Un mois avant le Centenaire, on se cogne dans Lourdes à tous les reporters avec appareils et caméras. Ils préparent pour leurs magazines les numéros spéciaux du Centenaire : plus de 300 journalistes du monde entier on retenu leurs chambres pour le 11 février. Les télétypes de l'univers sont prêts. Et chaque éditeur sort un volume nouveau sur Lourdes. Cela va faire des pages et des pages, et des kilomètres de lignes et de mots pour cette Bernadette qui ne savait ni lire ni écrire, et qui même, six ans après les Apparitions, au noviciat de Nevers, alors qu'on lui donnait un devoir de grammaire, répondait devant toutes avec son honnêteté de bergère : "Ma chère Sœur, mais vous savez bien que je ne sais pas faire un verbe".
Paradoxale Bernadette qui retourne à l'envers tous nos comptes et nos dimensions et nos calculs.
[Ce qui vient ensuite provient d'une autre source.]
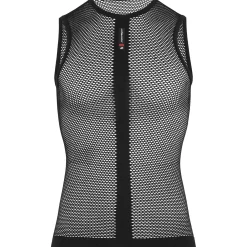 Maglia intima senza maniche Assos NS Skin Superleger - Nero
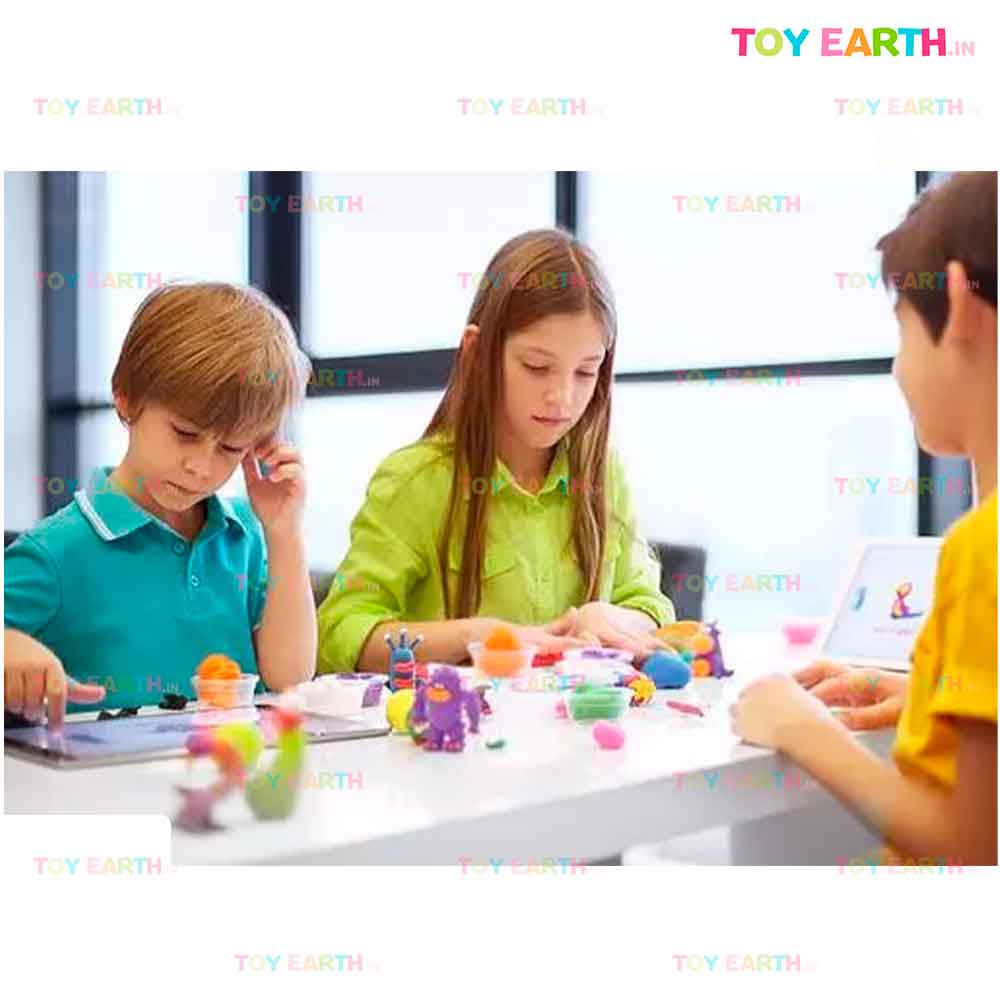 DOMS Modelling Dough Clay Art Craft : Best Play Clay | 450 Gram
Elle ne revint jamais à Lourdes. Et lorsque dans sa solitude de Nevers, un visiteur Iui décrivait les grandes solennités des première processions, elle n'avait qu'une réponse « J'ai vu plus beau. »
Sainte Bernadette, à ceux qui viendront à Lourdes en 1958, et à ceux qui n'y viendront pas, veuillez apprendre à regarder ce Centenaire du même regard que le vôtre.